### What to produce
Restate word for word the lines below that run from the one holding "Table à langer" through the one holding "an empty room with a window", inclusive. Pictures don't belong in the copy.

### Input data
* * * * * * *

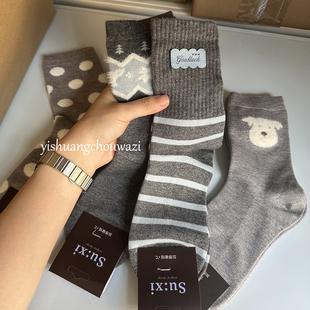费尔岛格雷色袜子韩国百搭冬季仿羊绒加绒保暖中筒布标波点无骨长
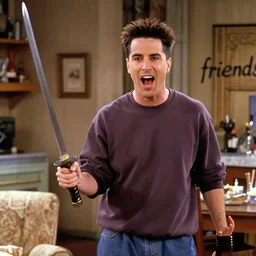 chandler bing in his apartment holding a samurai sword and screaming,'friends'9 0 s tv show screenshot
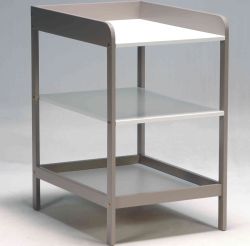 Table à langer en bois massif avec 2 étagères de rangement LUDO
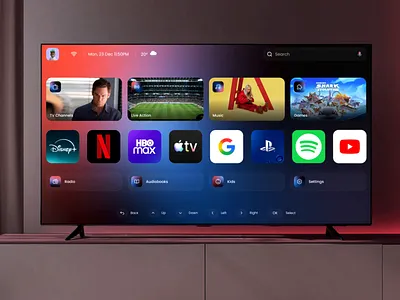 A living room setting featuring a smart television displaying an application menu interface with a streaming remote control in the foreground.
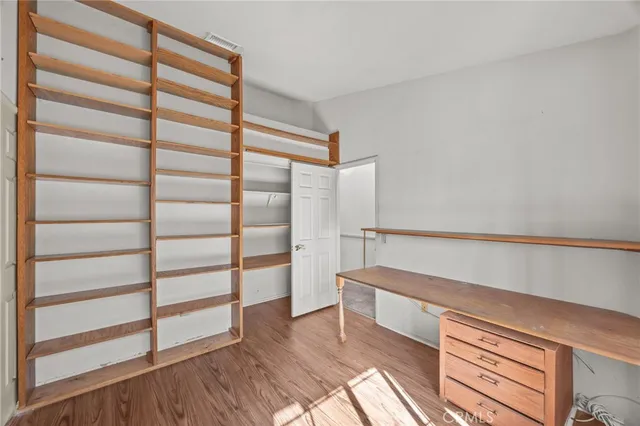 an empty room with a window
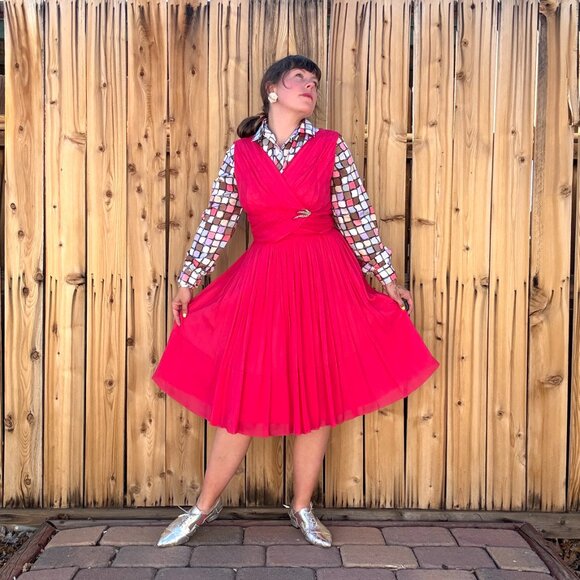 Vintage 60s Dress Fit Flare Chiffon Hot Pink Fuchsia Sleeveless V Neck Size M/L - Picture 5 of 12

* * * * * * *

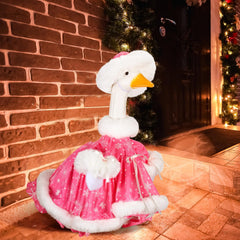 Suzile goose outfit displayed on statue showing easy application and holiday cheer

* * * * * * *

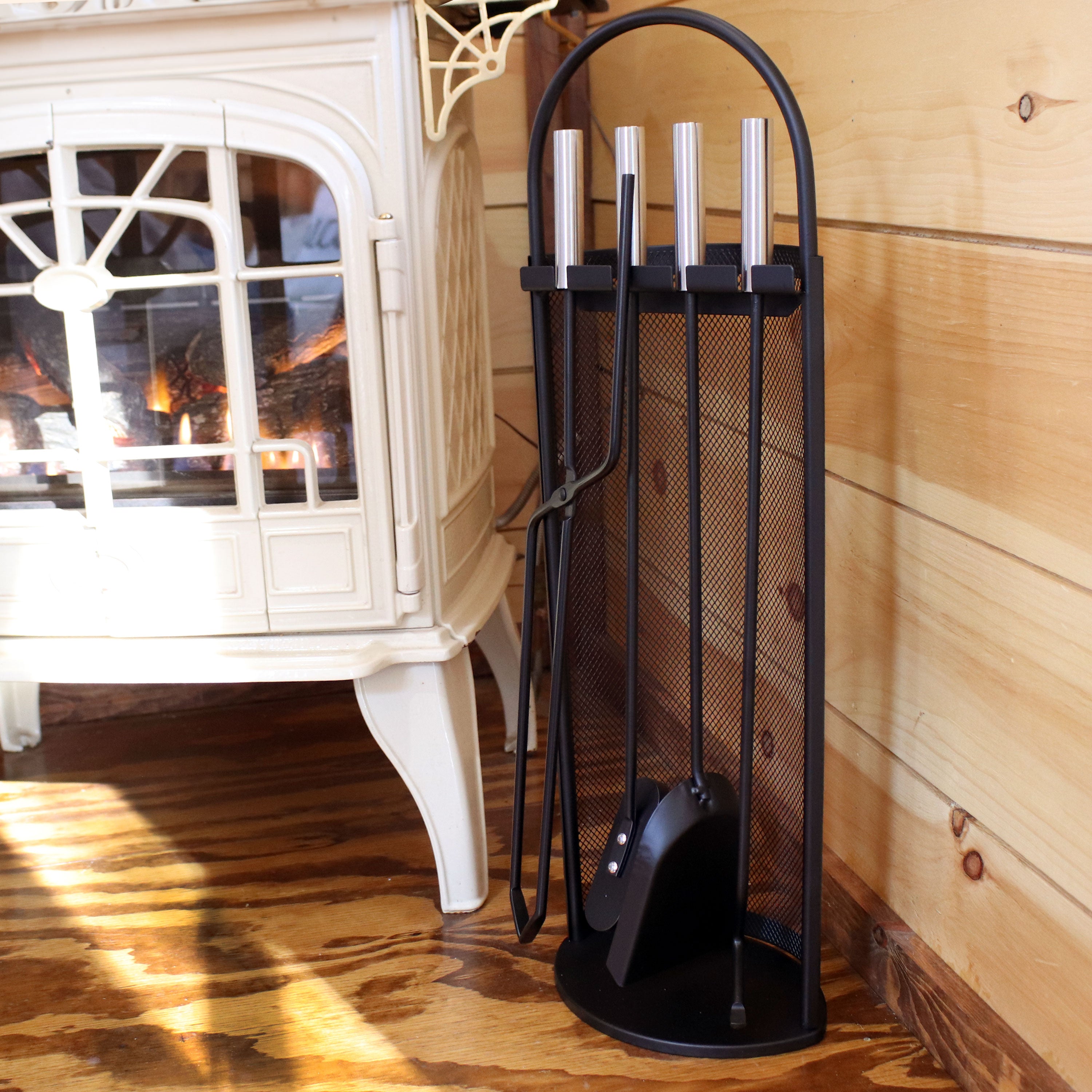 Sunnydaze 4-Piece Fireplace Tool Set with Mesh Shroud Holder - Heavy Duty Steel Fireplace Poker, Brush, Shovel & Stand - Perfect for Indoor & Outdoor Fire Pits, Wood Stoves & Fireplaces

* * * * * * *

### Task output
 Table à langer en bois massif avec 2 étagères de rangement LUDO
 A living room setting featuring a smart television displaying an application menu interface with a streaming remote control in the foreground.
 an empty room with a window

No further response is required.